Sunday, July 7, 2013

#1,056. The African Queen (1951)

Directed By: John Huston

Starring: Humphrey Bogart, Katharine Hepburn, Robert Morley

Tag line: "The greatest adventure a man ever lived...with a woman!"

Trivia: Walt Disney used this film as the basis for the Disneyland's "Jungle Cruise" attraction

One of the greatest adventure movies of all time, The African Queen also features a romantic pairing that’s among the most unusual ever committed to film.

The year is 1914. The setting: Africa. Ignoring the war that has broken out in Europe, a pair of British missionaries, Samuel Sayer (Robert Morse) and his sister Rose (Katherine Hepburn), continue to deliver God's message in German-controlled East Africa. But when the German Army destroys their mission, critically wounding Samuel in the process, Rose turns to hard-drinking American riverboat captain Charlie Allnut (Humphrey Bogart) for help. 

Samuel eventually dies, at which point Rose climbs aboard Capt. Allnut’s ship, The African Queen, and the two set sail, hoping to avoid the many patrol boats roaming the river. Rose eventually suggests they take the initiative and attack Germany’s most prized gunship, the Queen Louisa, but Capt. Allnut is more than a little reluctant to follow her advice. He eventually has a change of heart, however, when he and Rose fall for each other, a love that is tested time and again by the treacherous African river.

Off-screen, Humphrey Bogart and Katherine Hepburn were as different as their characters. Legend has it Hepburn even chastised both Bogart and the movie’s director, John Huston, for their non-stop drinking. Still, the two stars developed a mutual respect for each other, which carried over into the film. And it’s a good thing it did, too, because for much of its running time, The African Queen is a two-person picture, focusing on the pair’s adventures (including an exciting scene where their boat floats helplessly down violent rapids) as well as their blossoming love affair.

Both Bogart and Hepburn are excellent. For her turn as the puritanical Rose, Hepburn received her 5th Academy Award nomination, though it was Bogart who walked away with the Oscar for his performance as Charlie Allnut, marking the only time in his career he’d win the coveted award.
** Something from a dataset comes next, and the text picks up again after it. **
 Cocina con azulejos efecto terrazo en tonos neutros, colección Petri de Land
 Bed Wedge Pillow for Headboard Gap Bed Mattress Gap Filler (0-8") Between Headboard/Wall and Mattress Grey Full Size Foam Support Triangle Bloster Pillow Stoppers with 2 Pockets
It was they who made this unlikely adventure/romance spring so convincingly to life, and the reason the film is still, over 60 years later, heralded a classic of the silver screen.

1 comment:

Unknown said...

The African Queen is one of the greatest movies ever made :) I've loved it every since I was a little kid. Bogart and Hepburn have such a magnificent chemistry together!